━━━━━ Entries shown ━━━━━

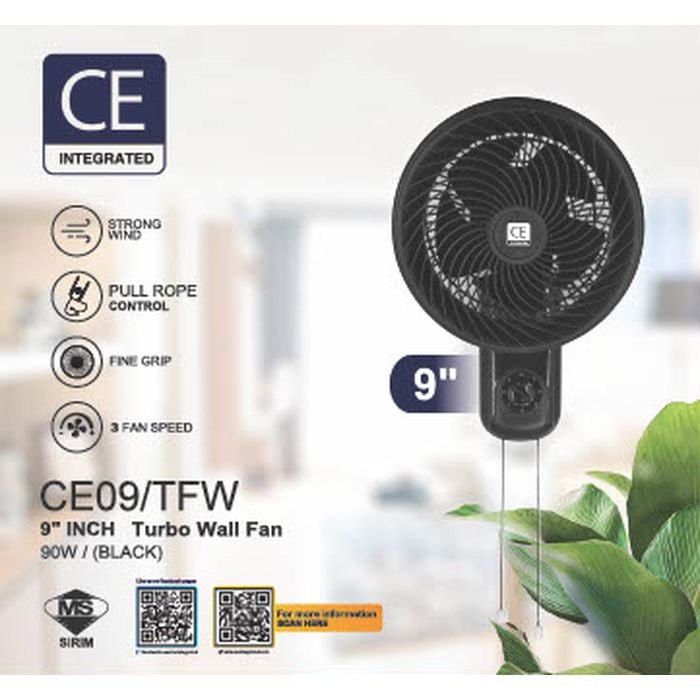 CE Integrated CE09/TFW Turbo Wall Fan 9" 90W AC Motor Black | TBM Online
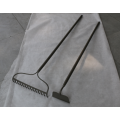 Garden tools set-Include 14T bow rake and forged hoe--Women Garden Tools-CLEARANCE SALE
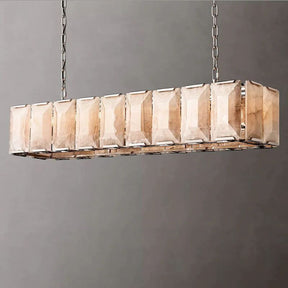 Huxley Calcite Rectangular Chandelier 62"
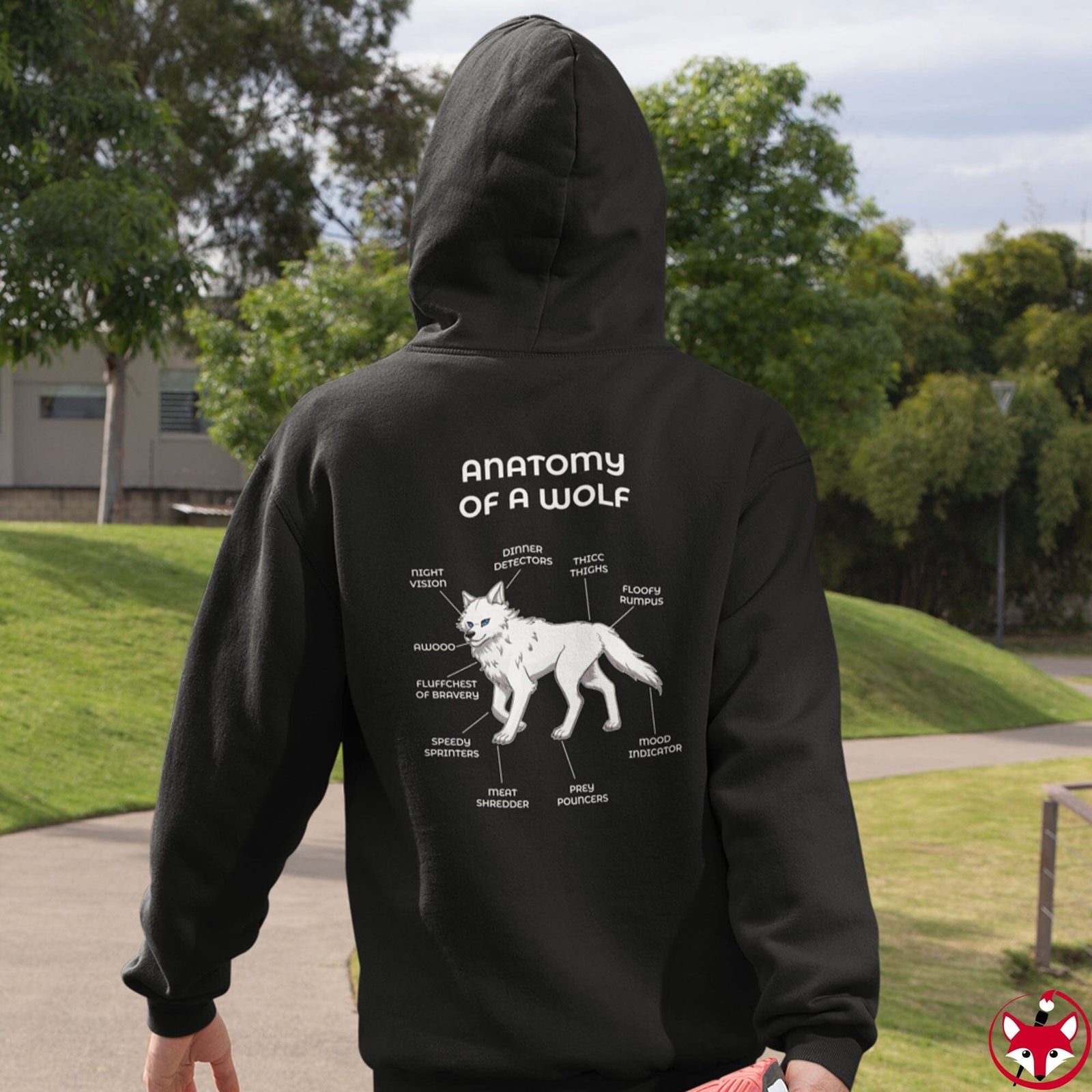 Wolf White - Hoodie Hoodie Artworktee 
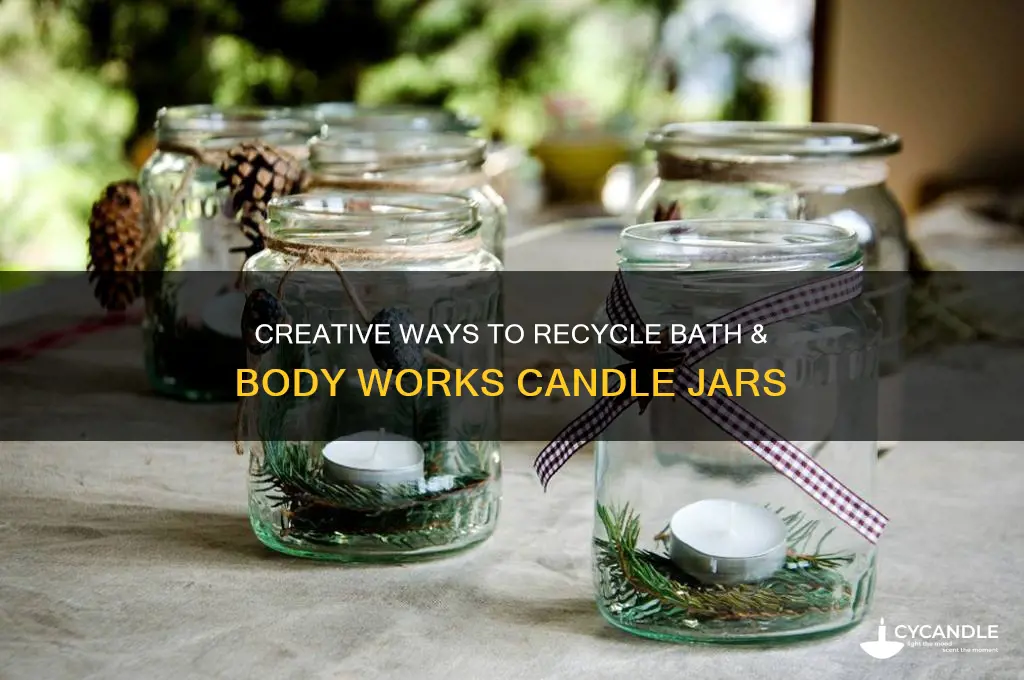 how to recycle bath and body works candle jars
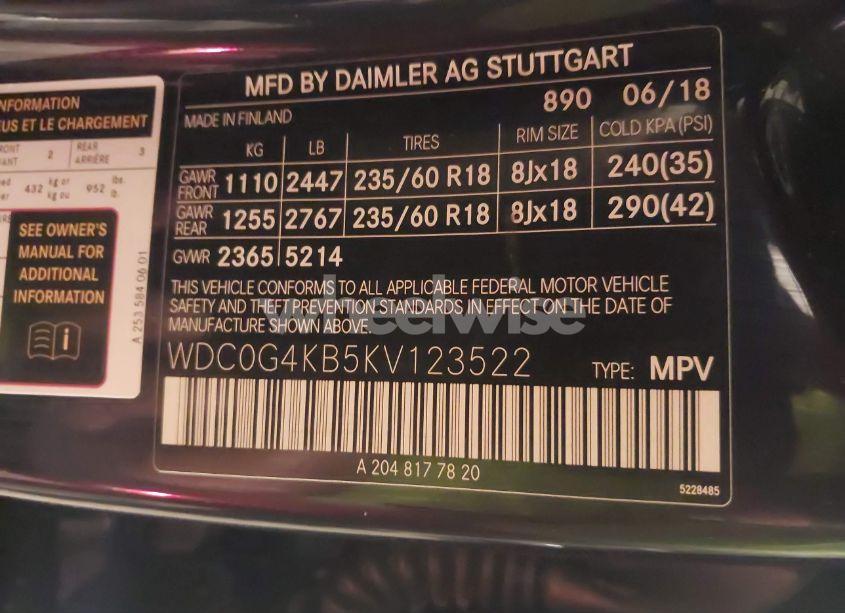 Photo 9 of 2019 Mercedes-benz Glc 300 4MATIC (VIN WDC0G4KB5KV123522)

━━━━━

▸ What is expected
Return every line above word for word, minus images.

▸ Answer to the exercise
 CE Integrated CE09/TFW Turbo Wall Fan 9" 90W AC Motor Black | TBM Online
 Garden tools set-Include 14T bow rake and forged hoe--Women Garden Tools-CLEARANCE SALE
 Huxley Calcite Rectangular Chandelier 62"
 Wolf White - Hoodie Hoodie Artworktee 
 how to recycle bath and body works candle jars
 Photo 9 of 2019 Mercedes-benz Glc 300 4MATIC (VIN WDC0G4KB5KV123522)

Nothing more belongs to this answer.